*** Opening of EXERCISE DATA ***

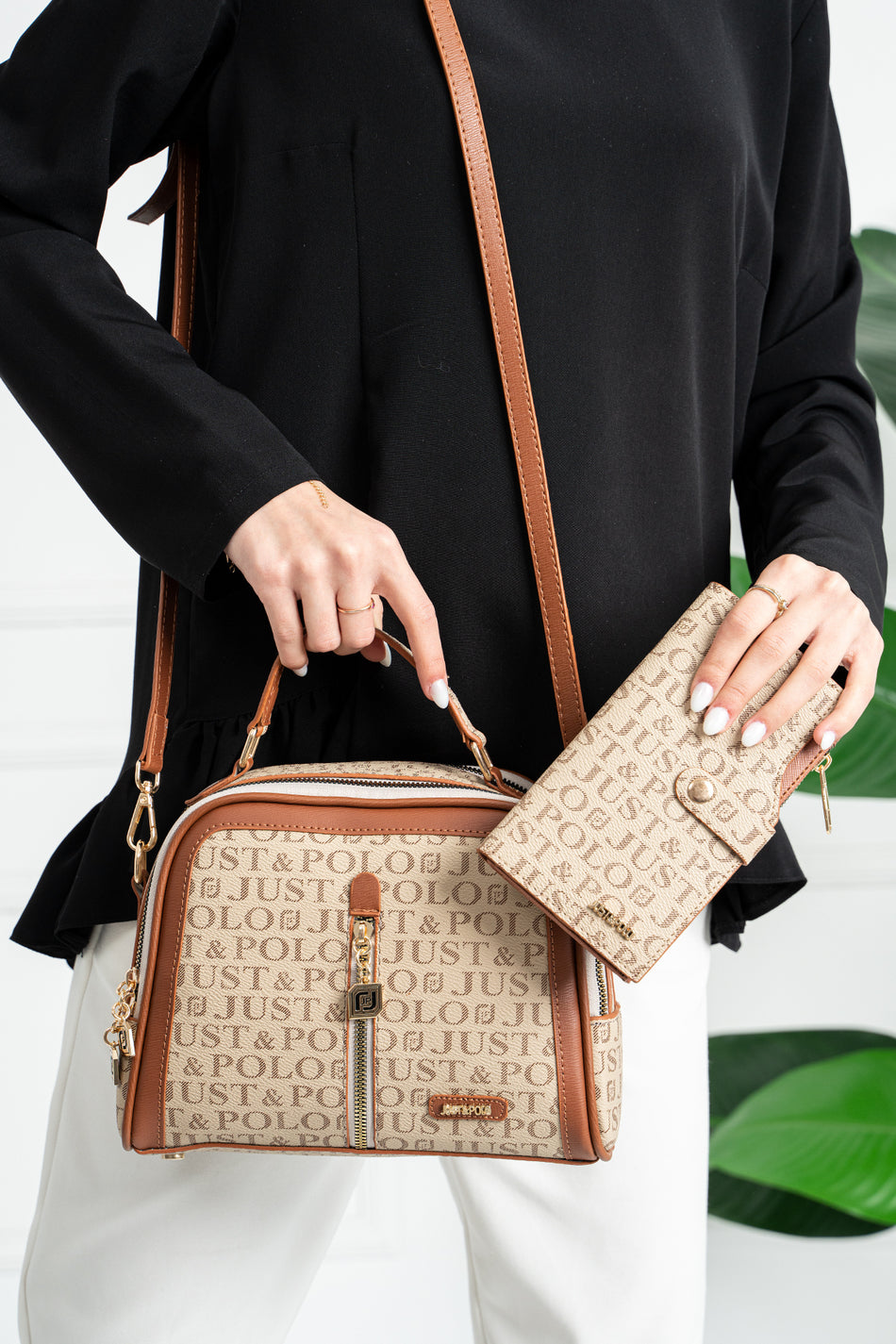 Just Polo Beige Colors Adjustable Strap 2 Compartment Women's Shoulder Bag - MALLTURK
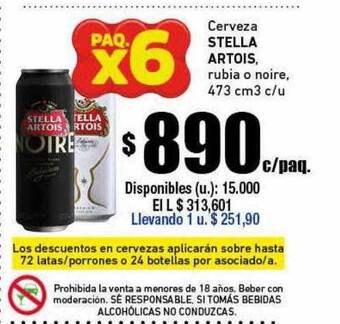 Cooperativa Obrera Cerveza Stella Artois oferta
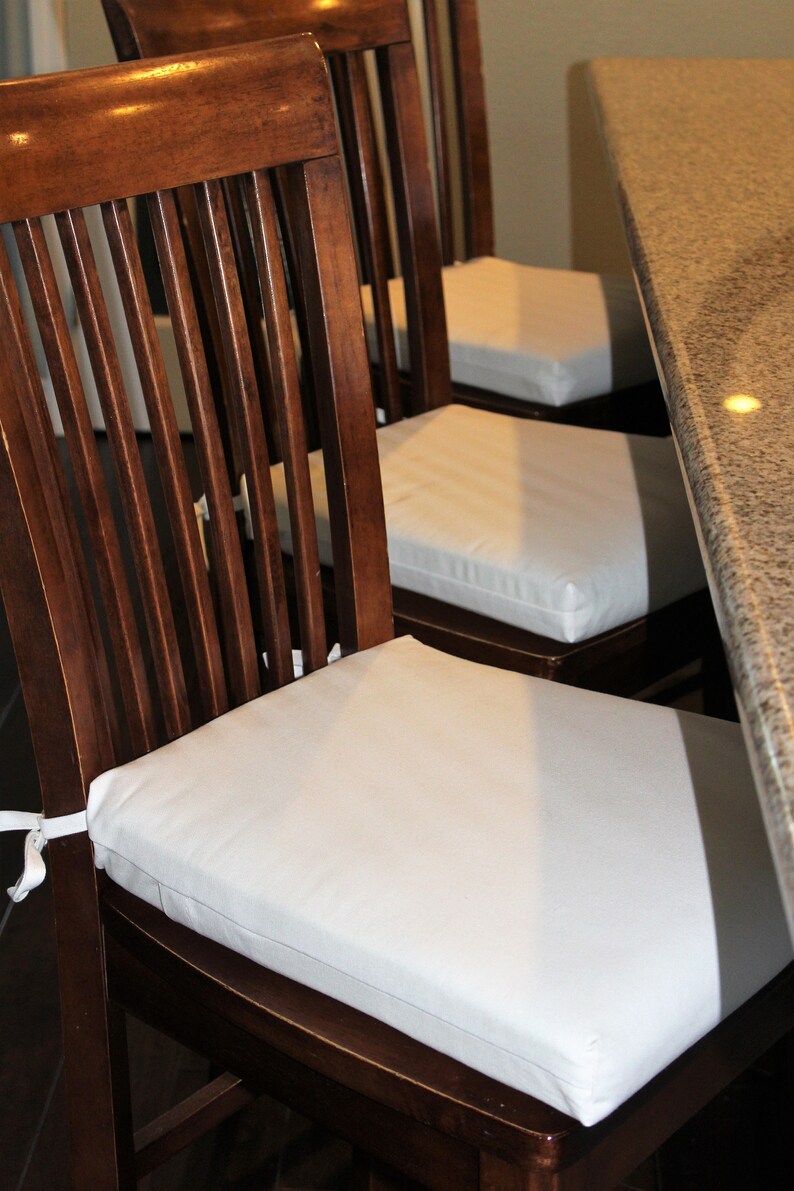 Kitchen Bar Chair Cushion in Cotton Canvas Fabric ...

*** Close of EXERCISE DATA ***

» TASK: Reproduce each line above precisely, with no pictures.

» ANSWER SPACE:
 Just Polo Beige Colors Adjustable Strap 2 Compartment Women's Shoulder Bag - MALLTURK
 Cooperativa Obrera Cerveza Stella Artois oferta
 Kitchen Bar Chair Cushion in Cotton Canvas Fabric ...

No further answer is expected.